Solo quando si giunge a vedere o a concepire Arimane, ci si può difendere da esso: allora si vede che egli ci sta spiando dalle seduzioni del piacere, dalle impressioni della paura. Ovunque l’uomo sogna vi sia materia, epperò forma esteriore, in realtà fa sorgere Arimane. E il piú grande inganno è la teoria materialistica della fisica, cioè degli atomi materiali, perché questi in realtà non sono che le forze di Arimane. La paura andrà sempre piú assediando l’uomo, o il gelido egoismo o il degradante piacere, finché egli non riconosca se stesso come un Io indipendente e nella indipendenza di tutti gli altri Io. Con la comparsa del Cristo in corpo fisico è stato provveduto perché l’uomo potesse fortificarsi, accogliendo l’impulso Cristo, contro la necessaria influenza esercitata da Arimane.
Nella purificazione di Caino e nel suo ricongiungersi per amore con Abele, v’è il segreto della calma e della sicurezza, del sicuro riposo: nell’essere umano l’astrale inferiore deve poter effondersi tranquillo nella sede peculiare della volontà fluente verso il mondo esteriore.
L’io dell’uomo, quanto piú evolve, tanto piú tende ad effondersi. Qualsiasi entità si intenda conoscere richiede che in essa si immerga la nostra coscienza dell’Io. Questo è l’impulso sano dell’Io a ‘uscire’ e a diffondersi, a trasferirsi nell’altro, e a far vivere oltre, in quell’essere, ciò che prima ha vissuto soltanto in sé (nel sé). Questa tendenza ad allontanare da sé la propria coscienza (riflessa, che dà lo stato di veglia), si palesa in un gradino piú basso nel sonno. In effetto l’astrale e l’Io offrono all’Iniziato l’immagine di un sole circondato dai suoi pianeti che si moltiplica e si diffonde verso altre entità. L’uomo per mezzo di ciò che dalle riproduzioni del suo Io gli viene riflesso di queste altre entità riconosce la loro natura.
Nella loro forma esteriore, gli animali, come esseri singoli, le piante meno di essi e ancor meno i minerali, sono immaginazioni di Arimane.
Venendo coscientemente dominate e smorzate le impressioni esteriori dei sensi, viene a trasformarsi quell’anima cosciente che appunto si forma per mezzo di esse. L’anima cosciente viene purificata, affinata, tratta verso il suo interno: può invertire il suo movimento: si trasforma in coscienza immaginativa: che è la sua vera formazione. Tale formazione è contraddetta dall’accentuazione del senso dell’io contingente nella civiltà moderna, persino nel campo del pensiero, in cui di solito si tiene ad avere il proprio pensiero, il proprio punto di vista: mentre i pensieri non ci appartengono e l’anima cosciente appartiene a quell’Io che tende ad effondersi nell’Infinito e che ovunque si riconosce nell’altro.
Chi coltiva i cinque esercizi e le precedenti immaginazioni coopera con le Gerarchie.
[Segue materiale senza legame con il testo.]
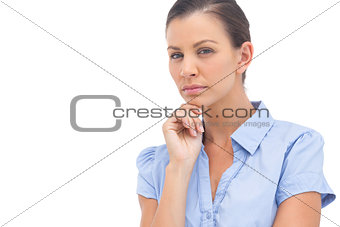 Stern businesswoman with hand on chin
E chi sappia abbracciare questa idea in tutta la sua grandezza, con dedizione, sente che presso ad ogni pericolo, lotta, terrore, egli è collegato con la trasformazione del Cosmo e muove incontro alla beatitudine del mondo spirituale. L’Iniziato è forte del pensiero che rimuove ogni terrore, del pensiero che è entusiasmo e coraggio: il pensiero della cooperazione con gli Dei. E pensare ciò è già tale cooperazione.